Czech Republic: The amendment to Act No. 165/2012 Legal Gazette on incentivised energy sources takes effect on 1 January 2022


​published on 17th November 2021


After the Senate returned the amendment originally passed by the Chamber of Deputies with proposed changes, which were controversially discussed by both chambers of the Czech Parliament, the long-awaited amendment to Act No. 165/2012 Legal Gazette on incentivised energy sources, which was passed at the end of September 2021, will now enter into force on 1 January 2022.


The amendment not only affects the support for existing power plants, but also incentives for new projects. Since 2014, the currently applicable law has no longer offered any support for new power plants.


Now, the Ministry of Industry and Trade will be able to resume auctions aimed at granting support to renewable energy power plants. In addition to the auction scheme, smaller power plants of up to 6 MW and six wind turbines, and other energy sources of up to 1 MW, will also have the option to receive incentives in the form of an hourly green bonus.


Only after the intervention of the Senate were the PV power plants included in the amendment, provided they were not built on farmland of I. and II. quality class.  Power plants constructed of components that are already more than five years old when the application for funding is submitted are not eligible for incentives. However, the new support for existing power plants must still be notified to and approved by the European Commission before it can be granted. 


In addition to the reintroduction of support for renewable energies, the amendment includes another essential point: the legal framework for reviewing whether power plants, especially those commissioned between 2006 and 2010, are not overfunded. This will enable the Czech Republic to fulfil its obligations vis-à-vis the EU Commission, of which we have already informed here.
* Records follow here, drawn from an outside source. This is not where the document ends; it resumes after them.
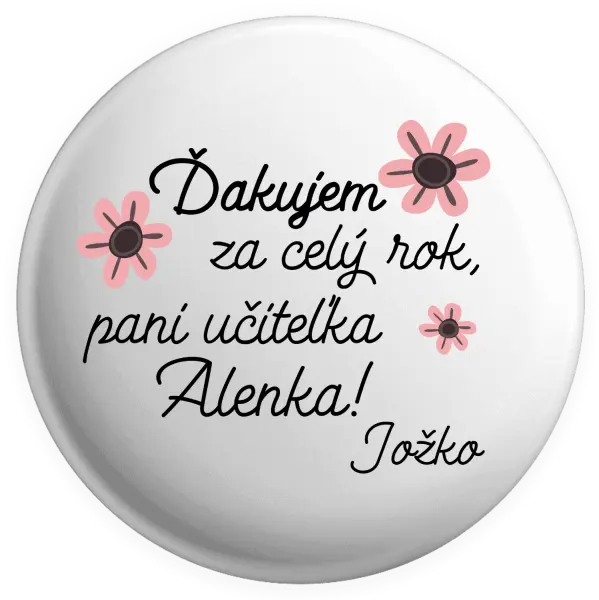 Placka Děkuji za celý rok, paní učitelko - kopie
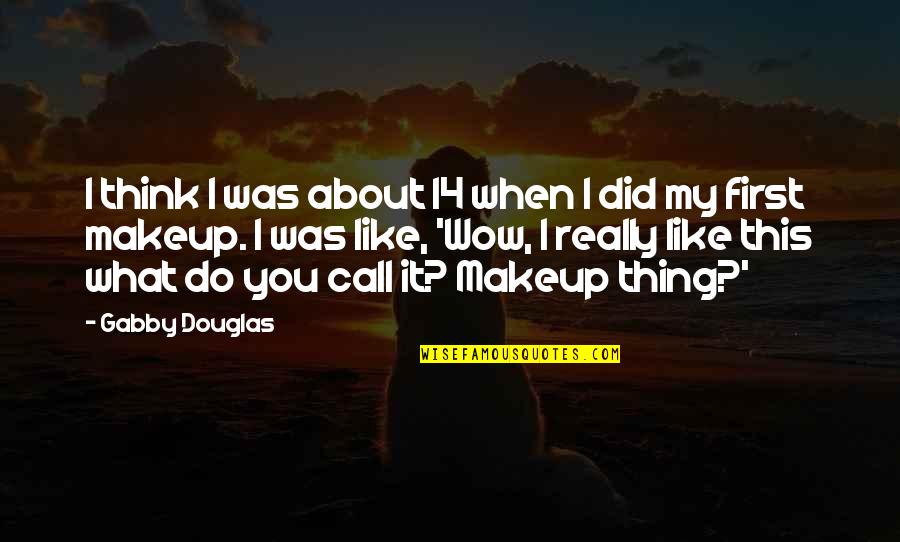 I Do My Makeup Quotes By Gabby Douglas: I think I was about 14 when I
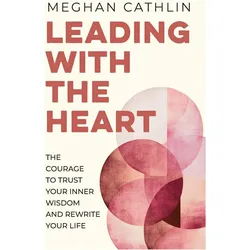 Leading With The Heart, Ratgeber von Meghan Cathlin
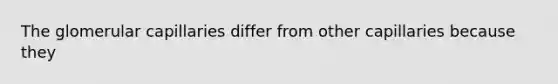 The glomerular capillaries differ from other capillaries because they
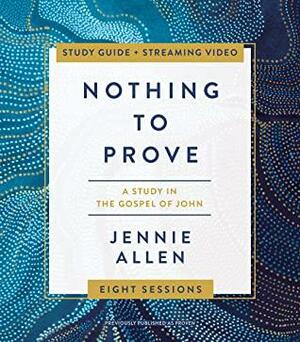 Nothing to Prove Bible Study Guide plus Streaming Video: A Study in the Gospel of John by Jennie Allen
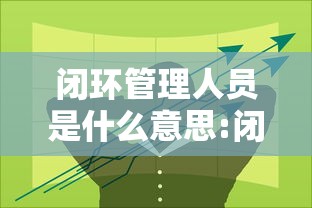 闭环管理人员是什么意思:闭环管理工作人员是什么意思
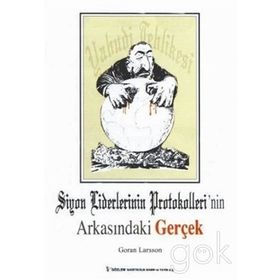 SIYON LIDERLERININ PROTOKOLLERI`NIN ARKASINDAKİ GERÇEK - GORAN LARSSON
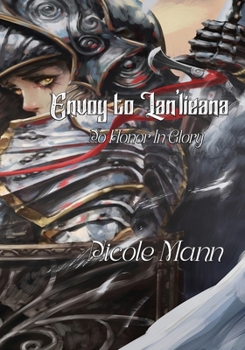 Paperback Envoy to Lan'lieana--Book One: No Honor In Glory Book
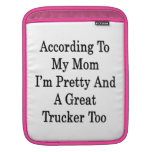 According To My Mom I'm Pretty And A Great Trucker iPad Sleeves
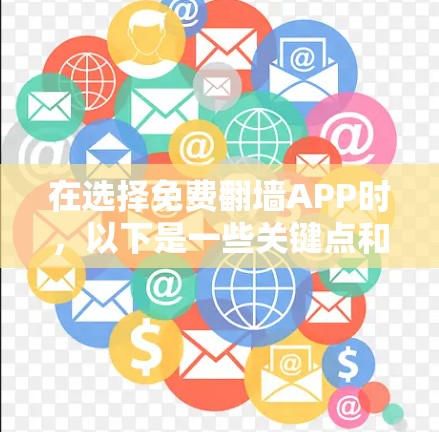 在选择免费翻墙APP时,以下是一些关键点和推荐,帮助你做出明智的选择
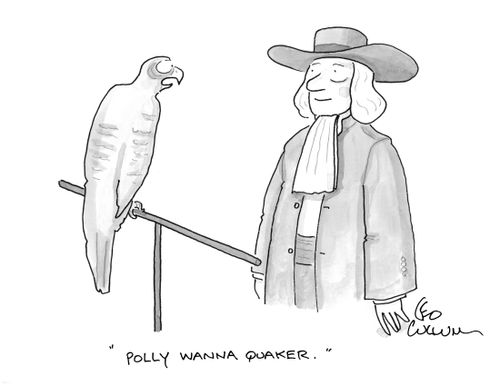 "Polly wanna quaker."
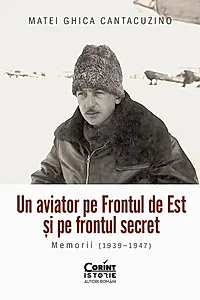 Un aviator pe Frontul de Est și pe frontul secret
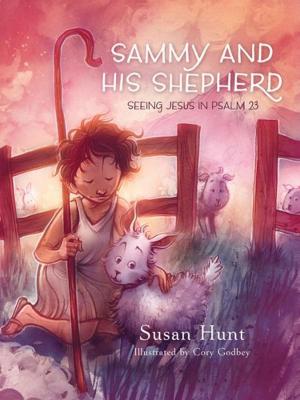 Cover of the book Sammy and His Shepherd by Steven J. Lawson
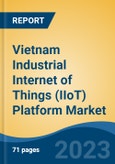 Vietnam Industrial Internet of Things (IIoT) Platform Market Competition Forecast & Opportunities, 2028- Product Image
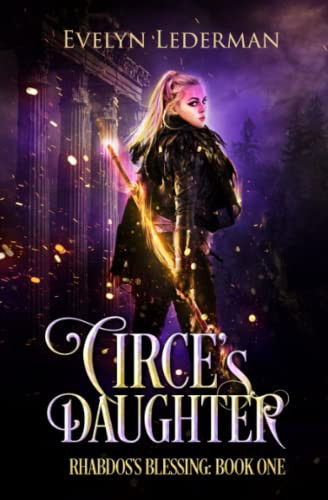 Circe's Daughter: An Urban Fantasy with Demigods, Shifters, Vampires, and the Greek Gods (Rhabdos's Blessing) by Lederman, Evelyn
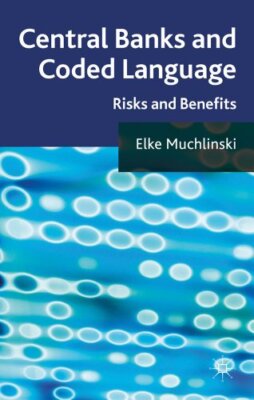 Muchlinski - Central Banks and Coded Language  Risks and Benefits - Ne - X555z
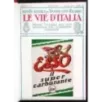 RACCOLTA LE VIE D'ITALIA - GENNAIO/DICEMBRE - 1929
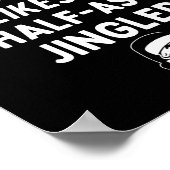 Jingle The Way Likes Funny Santa Claus Christmas  Poster (Hoek)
The internal rate of return (IRR) of the power plant is to be used as a benchmark for assessing whether it is overfunded. The level of the target IRR, or the limit value, was a major subject of controversy in the legislative process. The Chamber of Deputies wanted to discriminate against PV power plants by introducing a target IRR of 6.3 per cent, which the Senate was able to avert thanks to its intervention. In line with the amendment, the target IRR must now be at least 8.4 per cent and may not exceed 10.6 per cent. The specific amount will be set by government regulation.
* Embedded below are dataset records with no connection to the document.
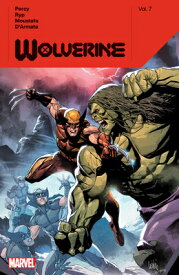 Wolverine by Benjamin Percy Vol. 7 WOLVERINE ORIGINS V WOLVERIN （Wolverine (Marvel) (Quality Paper)） [ Benjamin Percy ]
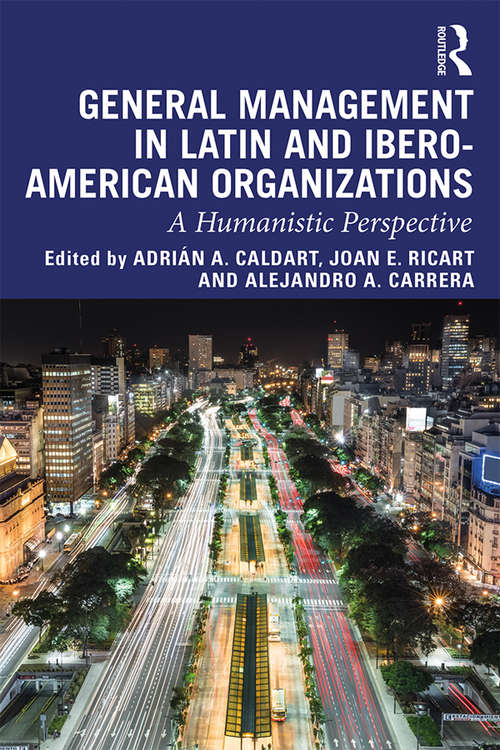 General Management in Latin and Ibero-American Organizations: A Humanistic Perspective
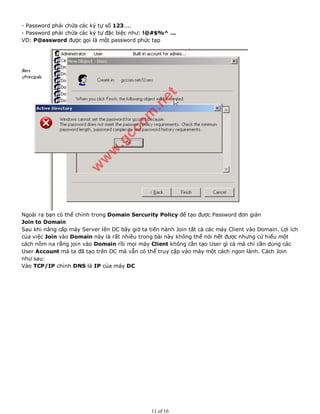 - Password phải chứa các ký tự số 123....
- Password phải chứa các ký tự đặc biệc như: !@#$%^ ...
VD: P@assword được gọi là một password phức tạp
Ngoài ra bạn có thể chỉnh trong Domain Sercurity Policy để tạo được Password đơn giản
Join to Domain
Sau khi nâng cấp máy Server lên DC bây giờ ta tiến hành Join tất cả các máy Client vào Domain. Lợi ích
của việc Join vào Domain này là rất nhiều trong bài này không thể nói hết được nhưng cứ hiểu một
cách nôm na rằng join vào Domain rồi mọi máy Client không cần tạo User gì cả mà chỉ cần dùng các
User Account mà ta đã tạo trên DC mà vẫn có thể truy cập vào máy một cách ngon lành. Cách Join
như sau:
Vào TCP/IP chỉnh DNS là IP của máy DC
11 of 16
 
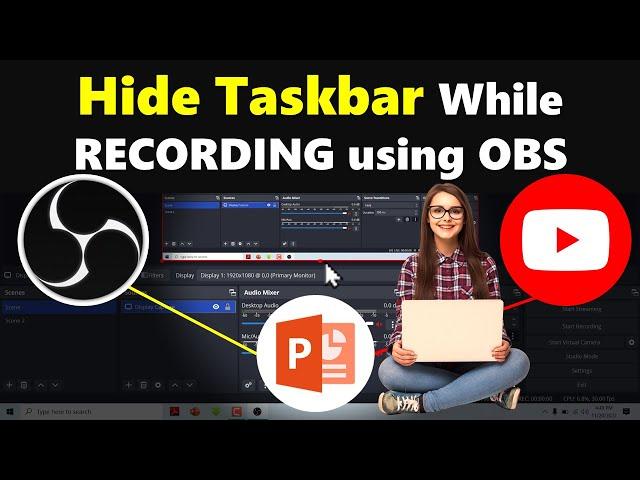 Easy way to Hide Taskbar While RECORDING using OBS studio @CreatorClassroom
The starting point for the review process is the so-called sector review, which has already partly taken place in recent years before any legal basis was adopted. The amendment now stipulates that the selection of sectors should not be based on the location of the power plant but on its size, the technology used and the year of commissioning. Selected operators should provide financial data regarding their power plants so that the government can calculate the IRR of the power plant and derive an average from the data submitted by the power plant operators for the respective sectors. The methodology of the IRR calculation has not been stipulated in the amendment; it will be the subject of an implementing regulation yet to be issued. Although the calculation tables used so far  should serve as a starting point, they do not allow drawing any conclusions as to which costs may and may not be included as they lack  sufficient explanations. When communicating the preliminary sector review results for power plants commissioned between 2006 and 2008, the Ministry of Industry and Trade pointed out itself that a final result would not be known until there was clarity on the methodology. The result of the sector reviews for power plants commissioned before 2011 should be announced in the first quarter of 2022.


If the review revealed over-funding in a given sector, the incentives would be reduced based on a price decision in such a way that the IRR would not be exceeded over the entire funding period. However, the power plant operator is in principle free to apply for individual conditions for granting financial support within two months of the price decision's effective date: If the power plant operator can prove that with the original level of funding, its IRR is below the target IRR, it can apply for the incentive in the original amount. If, on the other hand, with the new funding level, the target IRR is no longer achieved , the power plant operator may apply for continuing to receive the incentive at the previous level for a certain amount of electricity.  In addition, the power plant operator may voluntarily waive the financial support from the beginning of the twelfth calendar year following the year of commissioning, provided that it notifies this 30 days after publication of the price decision.


In the course of the discussion on the level of the target IRRs for photovoltaics, the Ministry of Industry and Trade proposed as a compromise to increase the existing solar tax and to reintroduce it for PV power plants commissioned in 2009. From 1 January 2022, the solar tax will therefore be increased by 10 per cent for PV power plants commissioned in 2010, and for PV power plants that have been in operation since 2009 a solar tax of 10 per cent of the feed-in tariff or of 11 per cent of the green bonus will be charged.  If the IRR of the PV power plant falls below 6.3 per cent due to the tax, the power plant operator can apply for a certain share of the electricity generated to be exempted from solar tax.


A positive aspect of the amendment is that the Czech Republic has reintroduced an operating aid for renewable energies for the first time since 2014 and is thus supporting new projects; however, the increase or reintroduction of the solar tax unfortunately means that the Czech legislator has intervened again in the aid schemes for existing PV power plants. In addition, it means a potential intervention in the funding offered to other existing power plants, if the sector review reveals that certain sectors are overfunded.


The Czech solar tax has already been the subject of several court proceedings in the Czech Republic and also before international arbitration courts. It remains to be seen whether the amendment will also be subject to judicial review.